I just love those newborn kids. I cannot wait until February when we should have them again. So happy it all went so well.


----------



## Burns Branch Boers (Apr 11, 2011)

awwww very cute! congrats!!


----------



## RMADairyGoats (Jun 20, 2011)

awww! How cute!  :kidblue: :kidred:


----------



## mommaB (Oct 1, 2009)

So CUTE!!! makes you all warm and fuzzy huh!


----------



## desertlily (Jul 22, 2011)

So happy for you!! Bella looks like she has a little bow on her head in that pic! :wink: What cutie pies!


----------



## ThatsJustJessi (Sep 28, 2011)

liz said:


> Awww...Congratulations :stars: Adorable babies! I like Bella's band...does it go the entire way around or is it broken? Bentley is a big boy! Glad that all went well and that you got to be with her. :hug:


It goes all the way around. The timing was perfect. We weren't expecting yet it but were so glad that we happened to be in the right place at the right time.

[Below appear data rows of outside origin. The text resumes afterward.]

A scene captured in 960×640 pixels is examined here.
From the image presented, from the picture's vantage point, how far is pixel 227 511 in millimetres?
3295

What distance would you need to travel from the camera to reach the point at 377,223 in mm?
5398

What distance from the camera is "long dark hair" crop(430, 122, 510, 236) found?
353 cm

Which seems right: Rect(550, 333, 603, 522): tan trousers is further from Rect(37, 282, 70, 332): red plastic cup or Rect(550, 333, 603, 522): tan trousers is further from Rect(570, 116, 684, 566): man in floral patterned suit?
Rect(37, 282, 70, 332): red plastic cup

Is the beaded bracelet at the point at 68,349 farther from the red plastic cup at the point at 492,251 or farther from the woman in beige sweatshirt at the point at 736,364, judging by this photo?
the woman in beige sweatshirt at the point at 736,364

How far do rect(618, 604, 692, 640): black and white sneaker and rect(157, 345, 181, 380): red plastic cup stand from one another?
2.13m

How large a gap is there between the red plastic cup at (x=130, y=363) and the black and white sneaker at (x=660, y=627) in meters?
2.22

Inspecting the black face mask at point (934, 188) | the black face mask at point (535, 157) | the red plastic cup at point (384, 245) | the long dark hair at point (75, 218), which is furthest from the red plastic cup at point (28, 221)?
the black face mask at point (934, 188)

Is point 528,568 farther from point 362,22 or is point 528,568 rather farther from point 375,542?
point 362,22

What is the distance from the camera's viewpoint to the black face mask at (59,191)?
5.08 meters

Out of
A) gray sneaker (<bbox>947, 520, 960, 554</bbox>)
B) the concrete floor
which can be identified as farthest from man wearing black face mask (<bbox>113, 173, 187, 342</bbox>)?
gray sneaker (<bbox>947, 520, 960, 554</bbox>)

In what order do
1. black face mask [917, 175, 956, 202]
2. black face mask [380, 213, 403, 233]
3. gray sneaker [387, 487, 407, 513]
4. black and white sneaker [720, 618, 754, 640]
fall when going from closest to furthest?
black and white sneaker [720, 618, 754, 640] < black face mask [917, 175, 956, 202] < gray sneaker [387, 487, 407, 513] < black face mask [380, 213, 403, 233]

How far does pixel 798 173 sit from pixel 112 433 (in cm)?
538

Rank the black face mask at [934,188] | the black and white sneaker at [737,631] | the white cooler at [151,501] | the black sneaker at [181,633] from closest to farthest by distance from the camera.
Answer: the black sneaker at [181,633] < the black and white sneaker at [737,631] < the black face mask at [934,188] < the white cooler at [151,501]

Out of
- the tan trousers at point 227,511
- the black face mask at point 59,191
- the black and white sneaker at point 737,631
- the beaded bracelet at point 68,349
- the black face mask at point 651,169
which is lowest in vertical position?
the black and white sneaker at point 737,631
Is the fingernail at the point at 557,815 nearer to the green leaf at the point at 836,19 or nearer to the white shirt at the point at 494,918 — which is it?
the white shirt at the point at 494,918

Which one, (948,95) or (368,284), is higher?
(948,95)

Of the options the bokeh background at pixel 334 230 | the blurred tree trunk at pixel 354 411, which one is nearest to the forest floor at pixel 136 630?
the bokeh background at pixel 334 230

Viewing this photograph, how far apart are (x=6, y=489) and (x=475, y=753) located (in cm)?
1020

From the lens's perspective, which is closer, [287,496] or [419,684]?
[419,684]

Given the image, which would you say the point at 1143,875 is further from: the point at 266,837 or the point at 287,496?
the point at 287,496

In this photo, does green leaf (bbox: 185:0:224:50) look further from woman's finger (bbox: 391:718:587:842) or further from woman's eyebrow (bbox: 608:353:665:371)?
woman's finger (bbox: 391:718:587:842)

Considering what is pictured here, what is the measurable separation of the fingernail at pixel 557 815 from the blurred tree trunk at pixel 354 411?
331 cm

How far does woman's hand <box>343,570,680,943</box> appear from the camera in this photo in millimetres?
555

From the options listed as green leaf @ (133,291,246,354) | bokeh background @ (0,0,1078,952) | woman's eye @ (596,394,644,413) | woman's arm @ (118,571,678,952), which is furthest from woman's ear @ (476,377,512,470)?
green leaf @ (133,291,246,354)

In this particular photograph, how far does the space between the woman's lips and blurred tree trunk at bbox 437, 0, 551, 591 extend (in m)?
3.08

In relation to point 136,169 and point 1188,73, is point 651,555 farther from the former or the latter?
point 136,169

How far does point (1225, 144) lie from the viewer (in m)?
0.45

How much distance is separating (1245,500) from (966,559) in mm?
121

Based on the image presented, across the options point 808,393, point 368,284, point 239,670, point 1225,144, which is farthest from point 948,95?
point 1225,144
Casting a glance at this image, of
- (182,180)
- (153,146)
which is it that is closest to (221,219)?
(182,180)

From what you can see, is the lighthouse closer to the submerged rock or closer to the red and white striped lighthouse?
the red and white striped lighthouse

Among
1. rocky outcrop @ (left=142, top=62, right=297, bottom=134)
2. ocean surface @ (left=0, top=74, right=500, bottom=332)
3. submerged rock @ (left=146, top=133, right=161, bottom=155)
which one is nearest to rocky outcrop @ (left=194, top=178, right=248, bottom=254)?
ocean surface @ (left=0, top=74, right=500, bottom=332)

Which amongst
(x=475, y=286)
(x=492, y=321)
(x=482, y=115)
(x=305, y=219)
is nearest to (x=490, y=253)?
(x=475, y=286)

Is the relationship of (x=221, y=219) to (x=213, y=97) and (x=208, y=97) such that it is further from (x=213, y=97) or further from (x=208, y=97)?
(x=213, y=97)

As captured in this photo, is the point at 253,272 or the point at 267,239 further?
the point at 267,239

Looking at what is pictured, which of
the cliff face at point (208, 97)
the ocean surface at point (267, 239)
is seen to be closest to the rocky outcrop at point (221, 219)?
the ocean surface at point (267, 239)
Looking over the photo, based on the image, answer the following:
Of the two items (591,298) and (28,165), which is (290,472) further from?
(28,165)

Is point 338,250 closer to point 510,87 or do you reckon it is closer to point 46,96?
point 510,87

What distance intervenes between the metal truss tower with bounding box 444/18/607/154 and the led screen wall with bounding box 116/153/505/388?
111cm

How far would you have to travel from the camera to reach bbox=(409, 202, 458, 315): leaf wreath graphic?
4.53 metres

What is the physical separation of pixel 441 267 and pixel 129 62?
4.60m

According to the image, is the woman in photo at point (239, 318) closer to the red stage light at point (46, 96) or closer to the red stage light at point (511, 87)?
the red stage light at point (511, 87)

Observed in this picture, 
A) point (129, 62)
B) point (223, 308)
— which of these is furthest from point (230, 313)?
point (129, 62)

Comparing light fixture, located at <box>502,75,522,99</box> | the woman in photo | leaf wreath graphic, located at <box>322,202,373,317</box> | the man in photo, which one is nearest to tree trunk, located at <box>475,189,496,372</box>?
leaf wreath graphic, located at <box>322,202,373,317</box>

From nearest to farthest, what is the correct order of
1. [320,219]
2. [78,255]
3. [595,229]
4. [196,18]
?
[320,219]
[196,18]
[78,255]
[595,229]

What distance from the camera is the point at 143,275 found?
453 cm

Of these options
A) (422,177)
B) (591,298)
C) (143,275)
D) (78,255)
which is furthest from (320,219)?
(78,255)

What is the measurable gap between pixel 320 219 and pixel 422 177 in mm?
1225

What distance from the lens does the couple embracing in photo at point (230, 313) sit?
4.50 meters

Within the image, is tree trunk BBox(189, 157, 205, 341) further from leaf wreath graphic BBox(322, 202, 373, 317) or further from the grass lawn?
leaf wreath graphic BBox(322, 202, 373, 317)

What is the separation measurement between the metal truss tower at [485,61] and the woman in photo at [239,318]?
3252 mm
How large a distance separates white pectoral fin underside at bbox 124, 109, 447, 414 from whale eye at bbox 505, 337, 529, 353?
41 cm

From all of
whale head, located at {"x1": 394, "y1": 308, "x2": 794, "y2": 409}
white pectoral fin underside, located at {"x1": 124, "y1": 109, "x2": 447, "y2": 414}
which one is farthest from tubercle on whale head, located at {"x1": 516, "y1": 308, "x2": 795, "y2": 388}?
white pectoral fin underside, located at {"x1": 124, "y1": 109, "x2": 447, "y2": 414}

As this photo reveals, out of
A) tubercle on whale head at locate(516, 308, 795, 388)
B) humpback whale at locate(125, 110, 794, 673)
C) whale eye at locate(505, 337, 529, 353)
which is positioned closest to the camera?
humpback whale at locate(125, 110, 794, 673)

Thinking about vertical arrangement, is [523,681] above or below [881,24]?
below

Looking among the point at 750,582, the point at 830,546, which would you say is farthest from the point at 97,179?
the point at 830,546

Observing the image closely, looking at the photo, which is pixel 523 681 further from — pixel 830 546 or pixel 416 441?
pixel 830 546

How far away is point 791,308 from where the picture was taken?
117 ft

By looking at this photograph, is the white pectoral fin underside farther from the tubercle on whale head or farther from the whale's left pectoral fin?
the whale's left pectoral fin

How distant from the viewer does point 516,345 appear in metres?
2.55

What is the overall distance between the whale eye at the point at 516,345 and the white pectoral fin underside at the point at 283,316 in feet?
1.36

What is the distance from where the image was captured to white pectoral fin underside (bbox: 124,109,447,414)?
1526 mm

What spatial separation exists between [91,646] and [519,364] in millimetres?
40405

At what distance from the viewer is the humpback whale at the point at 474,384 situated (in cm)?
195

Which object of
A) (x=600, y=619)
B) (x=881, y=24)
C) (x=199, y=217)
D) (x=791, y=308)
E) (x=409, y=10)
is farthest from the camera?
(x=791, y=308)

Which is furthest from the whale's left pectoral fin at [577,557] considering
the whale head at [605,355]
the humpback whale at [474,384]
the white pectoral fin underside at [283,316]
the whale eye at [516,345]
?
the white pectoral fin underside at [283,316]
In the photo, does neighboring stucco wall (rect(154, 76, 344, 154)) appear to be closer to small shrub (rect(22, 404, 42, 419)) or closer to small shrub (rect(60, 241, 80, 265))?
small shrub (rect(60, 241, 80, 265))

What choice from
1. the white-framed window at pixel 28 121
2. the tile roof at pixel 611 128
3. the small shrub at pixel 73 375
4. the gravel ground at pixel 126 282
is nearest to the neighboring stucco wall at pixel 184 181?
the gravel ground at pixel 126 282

Thanks everyone!!! Still waiting on Daisy... What an exciting time!


----------



## EstellaMA (Feb 4, 2011)

Cute


----------



## toth boer goats (Jul 20, 2008)

Adorable...congrats... :thumb: :greengrin:


----------



## luv_goats (Dec 7, 2011)

Oh my goodness...so adorable!


----------



## ksalvagno (Oct 6, 2009)

What little darlings!


----------